Material for the task:
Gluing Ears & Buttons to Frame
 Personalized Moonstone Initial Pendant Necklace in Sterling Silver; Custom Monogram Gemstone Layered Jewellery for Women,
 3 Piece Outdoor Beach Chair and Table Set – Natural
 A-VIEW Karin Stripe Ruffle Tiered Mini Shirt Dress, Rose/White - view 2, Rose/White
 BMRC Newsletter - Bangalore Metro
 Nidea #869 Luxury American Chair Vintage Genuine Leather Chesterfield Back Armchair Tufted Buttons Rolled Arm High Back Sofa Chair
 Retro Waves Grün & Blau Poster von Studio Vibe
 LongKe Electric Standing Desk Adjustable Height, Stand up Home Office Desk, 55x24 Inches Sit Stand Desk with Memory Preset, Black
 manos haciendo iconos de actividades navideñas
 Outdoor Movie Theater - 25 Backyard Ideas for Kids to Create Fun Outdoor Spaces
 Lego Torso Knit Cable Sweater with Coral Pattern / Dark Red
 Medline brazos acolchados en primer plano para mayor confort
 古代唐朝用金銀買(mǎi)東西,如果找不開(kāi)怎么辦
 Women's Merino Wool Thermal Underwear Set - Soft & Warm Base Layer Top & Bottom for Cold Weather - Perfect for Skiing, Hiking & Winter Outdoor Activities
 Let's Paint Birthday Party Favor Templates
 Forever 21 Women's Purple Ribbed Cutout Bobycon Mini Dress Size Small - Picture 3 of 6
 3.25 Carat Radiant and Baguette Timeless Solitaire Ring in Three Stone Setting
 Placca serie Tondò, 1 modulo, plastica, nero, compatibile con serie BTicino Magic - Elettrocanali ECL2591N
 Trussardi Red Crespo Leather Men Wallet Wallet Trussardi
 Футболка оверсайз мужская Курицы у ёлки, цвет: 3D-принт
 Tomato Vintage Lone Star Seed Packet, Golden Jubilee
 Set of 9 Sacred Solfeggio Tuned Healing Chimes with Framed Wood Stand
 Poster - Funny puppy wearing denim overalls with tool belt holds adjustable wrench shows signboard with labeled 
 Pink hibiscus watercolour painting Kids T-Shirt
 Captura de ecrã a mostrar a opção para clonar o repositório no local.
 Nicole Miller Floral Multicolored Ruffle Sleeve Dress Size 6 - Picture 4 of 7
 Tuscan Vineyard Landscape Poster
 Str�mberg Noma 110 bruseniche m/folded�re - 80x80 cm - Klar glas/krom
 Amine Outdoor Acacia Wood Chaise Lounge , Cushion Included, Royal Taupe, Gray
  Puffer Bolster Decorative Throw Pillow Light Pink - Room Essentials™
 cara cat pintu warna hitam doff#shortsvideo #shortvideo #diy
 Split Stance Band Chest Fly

Aim of the task:
Going down the listing above, begin printing at the line with "Medline brazos acolchados" and finish with the line with "Amine Outdoor Acacia", exactly as they appear.

Response to this task:
 Medline brazos acolchados en primer plano para mayor confort
 古代唐朝用金銀買(mǎi)東西,如果找不開(kāi)怎么辦
 Women's Merino Wool Thermal Underwear Set - Soft & Warm Base Layer Top & Bottom for Cold Weather - Perfect for Skiing, Hiking & Winter Outdoor Activities
 Let's Paint Birthday Party Favor Templates
 Forever 21 Women's Purple Ribbed Cutout Bobycon Mini Dress Size Small - Picture 3 of 6
 3.25 Carat Radiant and Baguette Timeless Solitaire Ring in Three Stone Setting
 Placca serie Tondò, 1 modulo, plastica, nero, compatibile con serie BTicino Magic - Elettrocanali ECL2591N
 Trussardi Red Crespo Leather Men Wallet Wallet Trussardi
 Футболка оверсайз мужская Курицы у ёлки, цвет: 3D-принт
 Tomato Vintage Lone Star Seed Packet, Golden Jubilee
 Set of 9 Sacred Solfeggio Tuned Healing Chimes with Framed Wood Stand
 Poster - Funny puppy wearing denim overalls with tool belt holds adjustable wrench shows signboard with labeled 
 Pink hibiscus watercolour painting Kids T-Shirt
 Captura de ecrã a mostrar a opção para clonar o repositório no local.
 Nicole Miller Floral Multicolored Ruffle Sleeve Dress Size 6 - Picture 4 of 7
 Tuscan Vineyard Landscape Poster
 Str�mberg Noma 110 bruseniche m/folded�re - 80x80 cm - Klar glas/krom
 Amine Outdoor Acacia Wood Chaise Lounge , Cushion Included, Royal Taupe, Gray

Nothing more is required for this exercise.